2026年Q1にウィートンが支払った金の購入価格は1オンス当たり約570ドルで、平均販売価格は4849ドルだった。これにより、1オンス当たり4200ドル以上のマージンとなる。銀の価格動向はさらに大きく、四半期平均は1オンス当たり84.52ドルで、前年と比べて161%上昇した。

同社は好調だった2025年を経て今期を迎えた。通年の売上高は80%増の23億ドル(約3660億円)に急伸し、粗利益は108%増の16億7000万ドル(約2660億円)に拡大した。生産量は金換算で69万オンスに達し、業務予想を上回った。

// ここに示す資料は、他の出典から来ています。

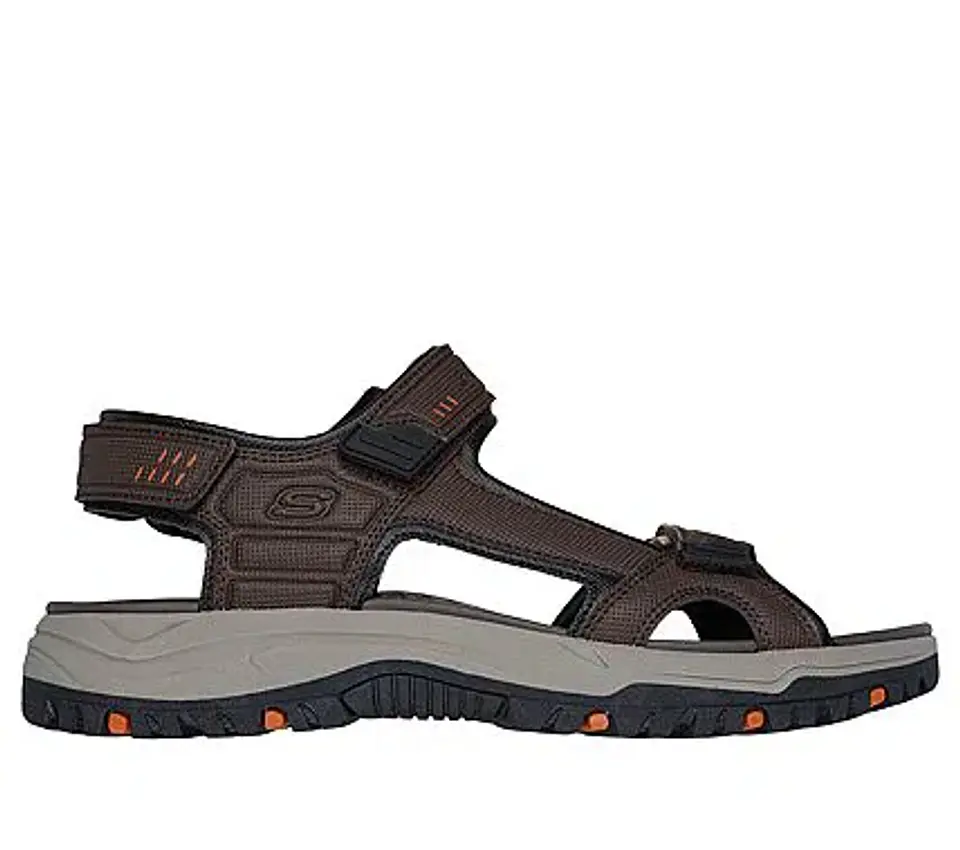 Sandalia Hombre Café Sckechers 205138BRN 3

そして、最大の出来事が訪れた。2026年4月1日、ウィートンはペルーのアンタミナ鉱山に関連して、BHPとの43億ドル(約6850億円)規模の銀ストリーミング契約を最終締結した。この取り決めにより、ウィートンが保有するアンタミナの銀生産分に対する権益は、鉱山の寿命全体を通じて67.5%に引き上げられる。これは、これまでに実行された貴金属ストリーミング取引として最大規模である。

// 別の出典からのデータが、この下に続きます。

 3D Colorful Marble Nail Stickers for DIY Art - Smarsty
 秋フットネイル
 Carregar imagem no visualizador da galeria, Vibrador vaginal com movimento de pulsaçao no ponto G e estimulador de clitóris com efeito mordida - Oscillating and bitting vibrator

経営陣は2026年の生産見通しを、金換算で86万〜94万オンスに据え置いた。さらに先を見据えると、ウィートンはブラックウォーター、グース、プラトリーフといったプロジェクトに支えられ、2030年から2035年にかけて年間の産出量が120万GEO(金換算オンス)を超えると見込んでいる。

いま注視すべき重要な要素は、金属価格、増産の進捗、そして43億ドルの取り決め後のキャッシュフローである。株価は以前の高値から落ち着いたが、長期的に金と銀に強気な投資家にとって、ウィートンは市場の成長トレンドを捉えるための、最も有望な選択肢の一つであり続ける。